In the past, critics and listeners have praised Rehm for her objectiveness.
“Some people say they have listened for 25 years and have no idea what my political leaning is,” Rehm said. “We’re all a mixture of conservative and liberal depending on the issue. Remember, the program is not about me; it’s about the issues that [we] are bringing to the listeners. The view of guests is what is important to the program.”
According to Rehm, the show’s function is to represent the interest, the intelligence and the inquisitiveness of her audience and bring the issues into focus for them.
“There’s no one issue,” she said. “It’s all of them. It’s the principle to help people learn.”
Rehm attributes much of the success of the show to the hard work of its producers. The show currently has four full-time producers and one part time, three of whom are volunteers.
Nancy Robinson, who has worked for seven years as one of the producers and started out as a volunteer, says that the show’s commitment and interest to the producers is important, especially since some people don’t get paid.
“Diane’s instantaneous curiosity and her way to bring conversations about with political leaders, artists, scientists and educators over radio to their listeners,” Robinson said.
Robinson says that a small number of people are responsible for the show’s 10 hours a week while at other shows, there is usually one producer for each hour.

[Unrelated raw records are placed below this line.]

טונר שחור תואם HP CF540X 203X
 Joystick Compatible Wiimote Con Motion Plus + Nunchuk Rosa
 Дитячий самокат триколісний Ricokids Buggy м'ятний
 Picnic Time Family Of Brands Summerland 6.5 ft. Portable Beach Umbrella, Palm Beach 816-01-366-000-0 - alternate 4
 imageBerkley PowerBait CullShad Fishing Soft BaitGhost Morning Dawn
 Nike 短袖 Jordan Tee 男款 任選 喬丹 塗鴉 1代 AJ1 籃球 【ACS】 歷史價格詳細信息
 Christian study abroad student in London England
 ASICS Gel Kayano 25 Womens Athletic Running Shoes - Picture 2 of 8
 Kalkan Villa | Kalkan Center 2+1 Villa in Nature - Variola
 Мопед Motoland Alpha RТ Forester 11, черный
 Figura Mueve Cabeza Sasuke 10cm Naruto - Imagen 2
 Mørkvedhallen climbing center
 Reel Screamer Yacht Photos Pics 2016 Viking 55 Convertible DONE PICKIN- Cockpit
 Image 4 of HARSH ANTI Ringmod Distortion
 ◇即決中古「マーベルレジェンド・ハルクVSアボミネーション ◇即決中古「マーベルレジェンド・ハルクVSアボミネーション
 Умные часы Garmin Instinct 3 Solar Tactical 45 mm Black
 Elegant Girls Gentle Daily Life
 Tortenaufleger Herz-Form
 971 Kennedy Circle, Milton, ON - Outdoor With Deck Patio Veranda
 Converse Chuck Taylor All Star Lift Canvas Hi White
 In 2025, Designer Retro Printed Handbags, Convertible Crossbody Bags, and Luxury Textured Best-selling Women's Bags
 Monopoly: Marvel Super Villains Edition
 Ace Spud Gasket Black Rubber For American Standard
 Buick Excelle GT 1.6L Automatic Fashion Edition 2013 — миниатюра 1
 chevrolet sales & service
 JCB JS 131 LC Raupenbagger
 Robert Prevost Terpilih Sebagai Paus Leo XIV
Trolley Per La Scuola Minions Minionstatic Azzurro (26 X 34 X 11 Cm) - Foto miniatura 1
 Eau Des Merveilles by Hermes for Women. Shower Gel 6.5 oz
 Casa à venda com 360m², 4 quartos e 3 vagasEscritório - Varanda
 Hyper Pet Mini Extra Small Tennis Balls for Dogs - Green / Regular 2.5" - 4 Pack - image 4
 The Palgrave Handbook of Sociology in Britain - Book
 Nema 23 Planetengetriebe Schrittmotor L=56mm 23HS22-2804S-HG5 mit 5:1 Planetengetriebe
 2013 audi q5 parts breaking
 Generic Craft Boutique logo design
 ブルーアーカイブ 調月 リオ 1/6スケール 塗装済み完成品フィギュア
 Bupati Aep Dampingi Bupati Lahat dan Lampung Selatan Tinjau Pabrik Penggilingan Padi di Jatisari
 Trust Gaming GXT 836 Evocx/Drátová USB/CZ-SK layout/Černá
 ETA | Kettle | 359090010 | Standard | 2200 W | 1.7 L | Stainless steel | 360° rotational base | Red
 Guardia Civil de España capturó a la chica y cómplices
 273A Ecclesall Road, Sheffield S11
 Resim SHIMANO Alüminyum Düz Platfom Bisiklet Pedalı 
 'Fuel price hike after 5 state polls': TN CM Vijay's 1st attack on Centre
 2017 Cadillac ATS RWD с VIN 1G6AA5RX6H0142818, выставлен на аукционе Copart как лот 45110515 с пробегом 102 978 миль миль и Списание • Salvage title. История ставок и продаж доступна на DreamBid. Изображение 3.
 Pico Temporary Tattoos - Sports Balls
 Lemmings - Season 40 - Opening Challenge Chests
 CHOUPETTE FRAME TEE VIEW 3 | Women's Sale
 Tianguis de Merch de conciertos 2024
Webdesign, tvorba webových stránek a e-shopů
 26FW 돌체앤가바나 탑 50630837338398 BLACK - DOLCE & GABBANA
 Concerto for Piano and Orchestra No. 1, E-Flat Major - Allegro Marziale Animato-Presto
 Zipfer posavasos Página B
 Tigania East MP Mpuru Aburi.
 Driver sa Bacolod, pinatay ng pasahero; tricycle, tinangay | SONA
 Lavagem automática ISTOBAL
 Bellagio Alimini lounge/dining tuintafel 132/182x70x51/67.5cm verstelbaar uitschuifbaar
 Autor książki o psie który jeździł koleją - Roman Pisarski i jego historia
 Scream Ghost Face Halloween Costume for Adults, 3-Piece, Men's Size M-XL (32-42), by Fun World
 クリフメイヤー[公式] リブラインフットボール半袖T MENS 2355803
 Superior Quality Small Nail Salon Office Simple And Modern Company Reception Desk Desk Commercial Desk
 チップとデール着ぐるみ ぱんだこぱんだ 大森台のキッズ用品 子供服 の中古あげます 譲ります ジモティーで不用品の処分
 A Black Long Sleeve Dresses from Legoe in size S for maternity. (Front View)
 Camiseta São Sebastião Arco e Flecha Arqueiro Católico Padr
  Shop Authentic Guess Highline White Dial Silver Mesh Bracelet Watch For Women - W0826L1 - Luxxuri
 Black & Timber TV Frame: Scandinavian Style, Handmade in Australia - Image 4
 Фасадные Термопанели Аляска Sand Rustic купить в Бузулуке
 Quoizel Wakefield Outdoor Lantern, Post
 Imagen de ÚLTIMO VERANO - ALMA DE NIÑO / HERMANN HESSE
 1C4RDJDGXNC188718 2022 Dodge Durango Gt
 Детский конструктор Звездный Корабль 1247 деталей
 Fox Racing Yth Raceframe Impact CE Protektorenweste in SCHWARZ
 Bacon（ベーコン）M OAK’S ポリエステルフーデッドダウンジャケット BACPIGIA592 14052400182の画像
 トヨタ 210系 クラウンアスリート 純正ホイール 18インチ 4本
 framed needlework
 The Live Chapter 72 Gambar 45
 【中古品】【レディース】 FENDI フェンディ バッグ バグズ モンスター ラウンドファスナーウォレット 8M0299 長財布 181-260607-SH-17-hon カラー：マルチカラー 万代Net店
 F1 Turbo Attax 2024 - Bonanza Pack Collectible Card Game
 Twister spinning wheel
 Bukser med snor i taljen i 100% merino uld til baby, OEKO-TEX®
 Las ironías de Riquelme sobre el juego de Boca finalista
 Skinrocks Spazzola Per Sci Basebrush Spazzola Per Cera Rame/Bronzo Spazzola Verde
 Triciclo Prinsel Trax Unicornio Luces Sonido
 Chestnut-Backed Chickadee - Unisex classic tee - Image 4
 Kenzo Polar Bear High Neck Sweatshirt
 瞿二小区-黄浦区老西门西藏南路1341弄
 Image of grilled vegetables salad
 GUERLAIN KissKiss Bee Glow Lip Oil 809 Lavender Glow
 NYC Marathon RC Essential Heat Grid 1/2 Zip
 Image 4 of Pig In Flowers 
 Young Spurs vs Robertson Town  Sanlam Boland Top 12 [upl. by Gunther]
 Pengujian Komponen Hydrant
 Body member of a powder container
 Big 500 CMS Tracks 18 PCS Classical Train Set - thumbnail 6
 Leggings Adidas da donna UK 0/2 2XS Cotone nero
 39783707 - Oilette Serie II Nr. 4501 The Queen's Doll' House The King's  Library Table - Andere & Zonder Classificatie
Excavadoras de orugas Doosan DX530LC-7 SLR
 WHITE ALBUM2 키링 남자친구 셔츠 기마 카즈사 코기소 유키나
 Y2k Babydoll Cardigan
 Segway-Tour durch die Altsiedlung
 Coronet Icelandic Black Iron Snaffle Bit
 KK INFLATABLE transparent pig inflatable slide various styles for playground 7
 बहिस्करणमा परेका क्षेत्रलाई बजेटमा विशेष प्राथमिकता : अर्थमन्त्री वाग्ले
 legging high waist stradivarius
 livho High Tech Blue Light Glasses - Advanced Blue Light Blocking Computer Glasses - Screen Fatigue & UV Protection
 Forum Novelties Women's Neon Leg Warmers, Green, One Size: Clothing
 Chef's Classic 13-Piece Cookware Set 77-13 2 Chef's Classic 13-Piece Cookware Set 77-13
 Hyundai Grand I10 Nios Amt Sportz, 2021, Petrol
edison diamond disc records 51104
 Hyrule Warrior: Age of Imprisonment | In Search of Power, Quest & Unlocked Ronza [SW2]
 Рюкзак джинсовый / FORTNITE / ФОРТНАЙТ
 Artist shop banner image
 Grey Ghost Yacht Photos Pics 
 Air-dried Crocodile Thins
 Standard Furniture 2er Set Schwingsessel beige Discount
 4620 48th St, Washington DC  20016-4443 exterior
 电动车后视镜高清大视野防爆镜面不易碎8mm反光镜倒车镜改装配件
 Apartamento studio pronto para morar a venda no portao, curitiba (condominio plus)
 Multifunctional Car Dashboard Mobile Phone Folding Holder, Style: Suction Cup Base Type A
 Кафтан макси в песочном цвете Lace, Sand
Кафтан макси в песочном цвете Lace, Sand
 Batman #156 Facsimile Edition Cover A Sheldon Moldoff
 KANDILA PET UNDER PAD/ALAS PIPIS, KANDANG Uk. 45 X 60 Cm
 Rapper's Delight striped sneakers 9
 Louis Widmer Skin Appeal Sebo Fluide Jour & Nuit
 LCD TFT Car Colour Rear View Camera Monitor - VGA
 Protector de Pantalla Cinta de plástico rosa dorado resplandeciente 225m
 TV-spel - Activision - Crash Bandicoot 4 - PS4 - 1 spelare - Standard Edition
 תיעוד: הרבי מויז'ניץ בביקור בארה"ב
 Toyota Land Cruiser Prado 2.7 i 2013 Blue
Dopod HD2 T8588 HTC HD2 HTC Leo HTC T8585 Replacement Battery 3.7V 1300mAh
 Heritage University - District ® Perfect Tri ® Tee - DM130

“We’ve always worked with a skeleton crew,” Robinson said. She added that the hours of research, last minute phone calls, e-mails, bookings, writing and magic comes together when Diane is in the studio for each show.
However, while some say Rehm has had good luck in her career, she says that’s not all that made her successful.
“You make you own luck,” Rehm said. “You’re not only in the right place at the right time. You have to prove yourself, prove your willing to do anything.” Rehm remembered coming in for her volunteer job at 8 a.m. and not leaving until her kids had to be picked up from school or until she was no longer needed.
She also said that her primary luck though came from her loving husband who was supportive of what she did.
With this support, Rehm plans to continue at her position.
“Right now, I have no interest or thought of retirement,” Rehm said. “What I do is of importance to the country and I love what I do. It’s like participating in a college classroom everyday and I feel like I’ve earned so many college degrees already.”